→ What this task involves
Before anything else, copy every record below exactly as it stands.

Scraped caption text data:
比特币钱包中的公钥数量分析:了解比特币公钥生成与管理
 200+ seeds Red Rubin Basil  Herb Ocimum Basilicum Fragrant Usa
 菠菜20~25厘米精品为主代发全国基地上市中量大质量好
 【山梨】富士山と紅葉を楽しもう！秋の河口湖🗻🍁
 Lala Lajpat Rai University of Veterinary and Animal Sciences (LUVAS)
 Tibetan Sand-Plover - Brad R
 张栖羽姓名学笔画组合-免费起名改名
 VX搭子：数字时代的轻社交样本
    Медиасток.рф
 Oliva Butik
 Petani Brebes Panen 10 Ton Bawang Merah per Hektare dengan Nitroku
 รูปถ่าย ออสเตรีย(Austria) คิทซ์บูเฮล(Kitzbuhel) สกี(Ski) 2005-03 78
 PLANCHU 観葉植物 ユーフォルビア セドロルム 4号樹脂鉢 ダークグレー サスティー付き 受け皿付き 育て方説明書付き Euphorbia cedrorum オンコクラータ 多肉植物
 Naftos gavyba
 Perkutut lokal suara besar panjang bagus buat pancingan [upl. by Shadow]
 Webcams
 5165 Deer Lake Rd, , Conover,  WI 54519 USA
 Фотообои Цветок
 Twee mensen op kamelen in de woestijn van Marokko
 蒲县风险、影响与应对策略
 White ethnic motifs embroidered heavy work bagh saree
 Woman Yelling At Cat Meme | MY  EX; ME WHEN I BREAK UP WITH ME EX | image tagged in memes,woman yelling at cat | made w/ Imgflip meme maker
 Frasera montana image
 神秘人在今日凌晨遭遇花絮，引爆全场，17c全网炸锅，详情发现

→ Written reply
比特币钱包中的公钥数量分析:了解比特币公钥生成与管理
 200+ seeds Red Rubin Basil  Herb Ocimum Basilicum Fragrant Usa
 菠菜20~25厘米精品为主代发全国基地上市中量大质量好
 【山梨】富士山と紅葉を楽しもう！秋の河口湖🗻🍁
 Lala Lajpat Rai University of Veterinary and Animal Sciences (LUVAS)
 Tibetan Sand-Plover - Brad R
 张栖羽姓名学笔画组合-免费起名改名
 VX搭子：数字时代的轻社交样本
    Медиасток.рф
 Oliva Butik
 Petani Brebes Panen 10 Ton Bawang Merah per Hektare dengan Nitroku
 รูปถ่าย ออสเตรีย(Austria) คิทซ์บูเฮล(Kitzbuhel) สกี(Ski) 2005-03 78
 PLANCHU 観葉植物 ユーフォルビア セドロルム 4号樹脂鉢 ダークグレー サスティー付き 受け皿付き 育て方説明書付き Euphorbia cedrorum オンコクラータ 多肉植物
 Naftos gavyba
 Perkutut lokal suara besar panjang bagus buat pancingan [upl. by Shadow]
 Webcams
 5165 Deer Lake Rd, , Conover,  WI 54519 USA
 Фотообои Цветок
 Twee mensen op kamelen in de woestijn van Marokko
 蒲县风险、影响与应对策略
 White ethnic motifs embroidered heavy work bagh saree
 Woman Yelling At Cat Meme | MY  EX; ME WHEN I BREAK UP WITH ME EX | image tagged in memes,woman yelling at cat | made w/ Imgflip meme maker
 Frasera montana image
 神秘人在今日凌晨遭遇花絮，引爆全场，17c全网炸锅，详情发现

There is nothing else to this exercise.